In response, the sorceress quirked a brow, tapping her fingers against the edge of the table she was sat against. It was not something she’d ever been asked to do, nor would she ever have thought to have been asked it. Even so, she did not pass comment on it, and merely shrugged her shoulders lightly. She was no longer in the courts of Lyria, she was no longer in charge of her own men and women - she was simply one of the many on this expedition, and so not as to risk being branded a diva, she agreed.
But that agreement was not without its own strings of course.
Carefully she ran her thumb across the tips of her fingers, muttering something in Elder Speech as an energy coalesced into her palm that flowed peacefully towards the Aen Seidhe, as non-threatening as anything. The quick spell found its way to the fastenings of the man’s armour and began unfastening and lifting it from him, piece by piece, as if it were indeed a squire doing it. “That should relieve you some,” Avery commented with a smirk.
Tyrvariél was left in awe. His armor… parts of it floating in the air like feathers, yet moved around like the limbs of a puppet by invisible strings. The elf started to smile, but internally he was filled with respect. ”Well it does, but it also burdens me with envy. His hands picked out the metal plates out of the air one by one, gently putting them down onto the adjacent table. ”I’m sure that you will be of great help out there.”
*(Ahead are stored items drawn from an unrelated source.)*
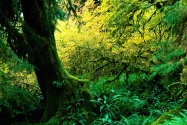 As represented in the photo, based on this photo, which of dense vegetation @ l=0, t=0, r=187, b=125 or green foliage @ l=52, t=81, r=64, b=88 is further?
green foliage @ l=52, t=81, r=64, b=88

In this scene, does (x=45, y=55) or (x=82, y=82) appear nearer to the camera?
(x=45, y=55)

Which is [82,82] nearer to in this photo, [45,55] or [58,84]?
[58,84]

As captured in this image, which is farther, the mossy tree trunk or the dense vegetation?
the mossy tree trunk

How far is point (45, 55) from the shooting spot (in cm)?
665

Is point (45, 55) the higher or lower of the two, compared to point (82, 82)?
higher

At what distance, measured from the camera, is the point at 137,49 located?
1011 cm

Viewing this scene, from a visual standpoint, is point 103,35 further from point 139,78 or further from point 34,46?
point 34,46

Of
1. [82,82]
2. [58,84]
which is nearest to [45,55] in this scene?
[58,84]

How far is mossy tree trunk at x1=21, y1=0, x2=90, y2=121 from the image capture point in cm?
655

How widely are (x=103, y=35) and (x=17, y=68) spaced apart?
21.1 ft

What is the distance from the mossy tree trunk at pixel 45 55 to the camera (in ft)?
21.5

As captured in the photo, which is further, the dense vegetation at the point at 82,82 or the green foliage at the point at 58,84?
the green foliage at the point at 58,84

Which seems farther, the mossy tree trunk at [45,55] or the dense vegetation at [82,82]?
the mossy tree trunk at [45,55]

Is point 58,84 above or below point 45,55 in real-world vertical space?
below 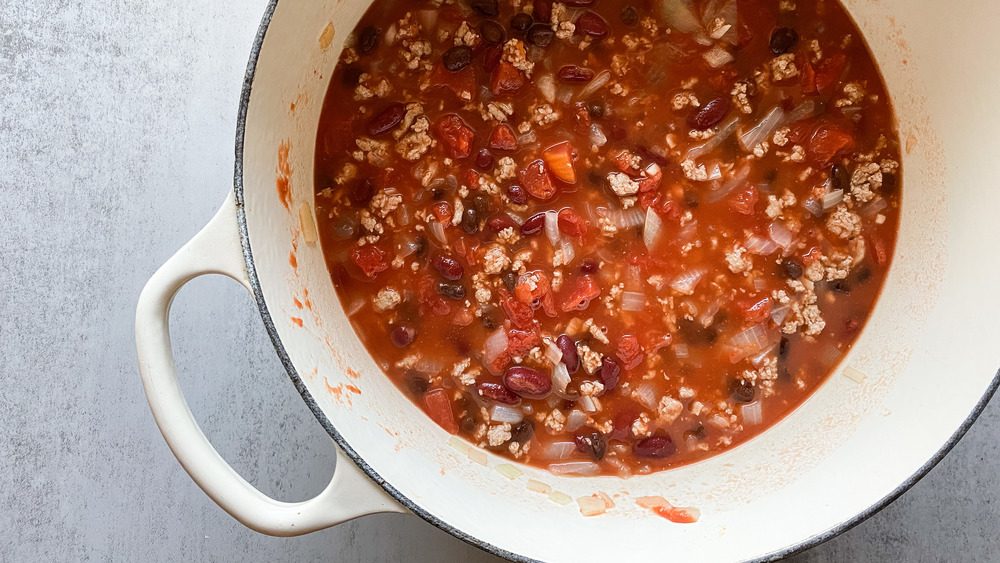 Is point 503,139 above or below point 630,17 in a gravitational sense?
below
Tyrvariél looked at Avery and did notice her facial expression. ”Why are you smirking ?”
“Why wouldn’t I be? Undressing a man from his armour in the privacy of his own tent?” Avery replied, frankly with another nonchalant shrug. “Of course, it could also just be my face.
And the gift of magic is nothing to be envious of, it comes with a heavy price.” No sooner had the words left her mouth, she was standing again, arms folded across her chest as she inspected the Aen Seidhe without his armour. He certainly did have the musculature of a smith, that was to be sure. Before she said anything else, she sauntered to the opening to the tent and peeped outside. “Hmm, I think there is some food being prepared,” the Sorceress held the flap of material open as if to waft in the scent of the meal as it was cooking. “Smells like a stew, don’t you think?”
Tyrvariél’s eyes struggled as they were forced to see bright sunlight all of a sudden again, but he joined Avery at the tent’s opening anyway since he too could smell the scent of fresh air and stew. “Hmm… sounds about right. I hope the cooks Balidvar has brought with him know what they’re doing…” The Aen Seidhe grinned, then made a gesture with his head indicating that he planned to go there. “If you feel as hungry as I am I’d be happy to have you as my company.”
"It just so happens I brought a freshly baked pie," Avery remarked with a grin, pointing her finger to the basket on the table. "I should think by now our new comrades are quite tired of gawping…" She said with a raised brow. "Let's be off though. Let's introduce ourselves to the rest of this motley crew, hmm?"